For decades locals theorized that father Feit had – at the very least – known more of the 25-year-old former Miss South Texas turned second-grade school teacher’s disappearance. Feit, most recognized was the last man to see her alive. But Feit went silent, and in a profoundly questionable move on the church’s part, he was transferred to a monastery in Missouri, some 700 miles away.
Even more disturbing is the fact that just weeks prior to Garza’s murder, Feig was identified in a police lineup by a woman who claimed he’d attacked and attempted to bind, or kidnap her. Ultimately, Feit pleaded no contest to the charge and walked away from that with a proverbial slap on the hand – a $500 fine… but his dark urges would not be suppressed for long.
While we’ll never know precisely what happened on the night of April 16, 1960, the eve of Easter. It’s likely that Garza made her confessions to father Feit, and, before she could make it to her car, was stopped and forced to join Feit on a terrifying journey that would culminate in a senseless act of brutality.
What we do now actually know however, is that a cold-case unit eventually reopened the case. That, however would initially seem futile, as the local district attorney, decided against bringing the case to trial.

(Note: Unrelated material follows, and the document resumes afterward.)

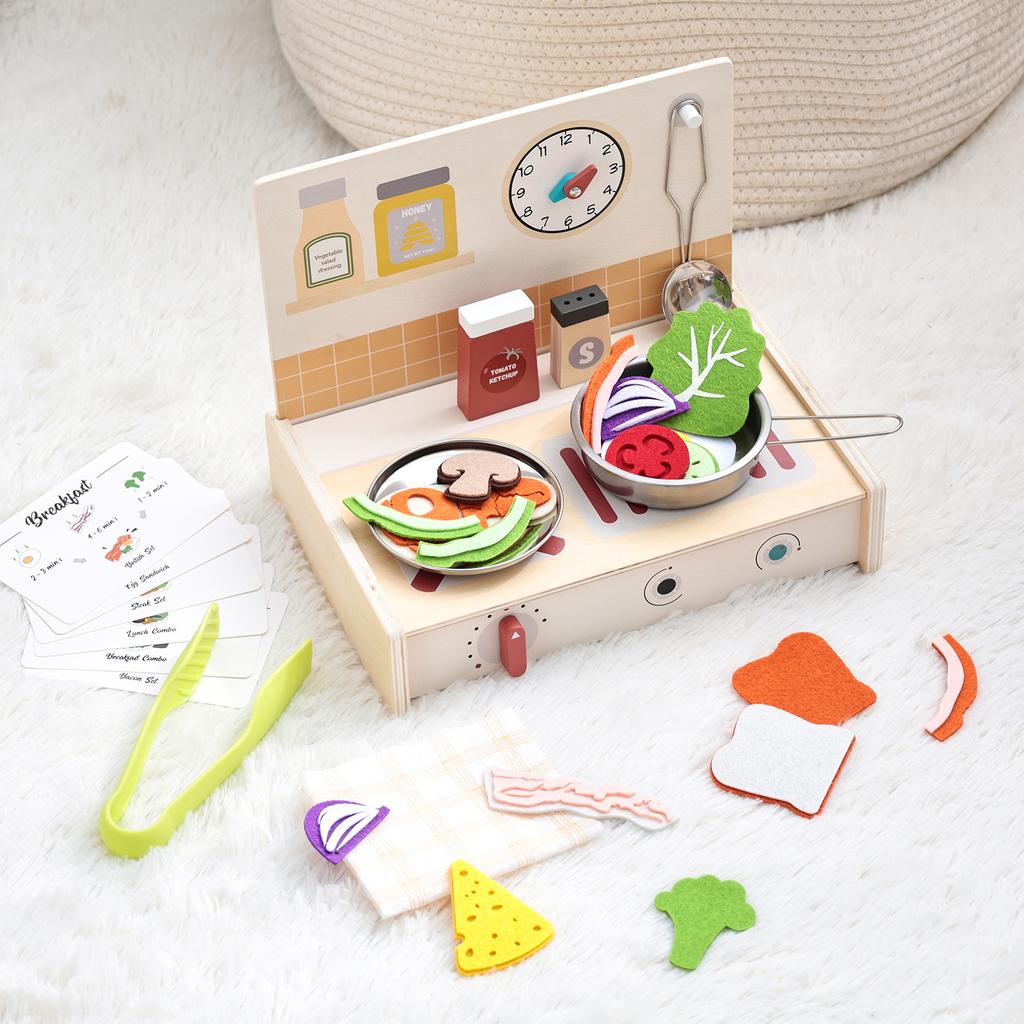 Early Education Wooden Simulation Cooking Kitchen Pretend Play Toy, Wooden Stove Cookware Tableware Cognitive Toy for Baby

She was caught on record saying, “Can it be solved? Well, I guess if you believe that pigs can fly, anything is possible.”
Garza’s family, along with members of the media pounced on the DA’s thoughtless dismissal, and eventually managed to re-open the case and bring it before the grand jury. In yet another questionable move, none of the crucial case players — Feit, O’Brien, nor Tacheny — were subpoenaed. The grand jury chose not to indict.
The family pressed on, and eventually a new DA — Ricardo Rodriguez would once more go to bat for the family. And this time they won. The battle would continue under the thumb of the law, which means there’s hope – late as it may be – that Garza’a killer will pay for his crimes.
In March of 2016 Feit pleaded not guilty to murdering the ex-beauty queen in 1960. His trial is expected to finally get under way early this year.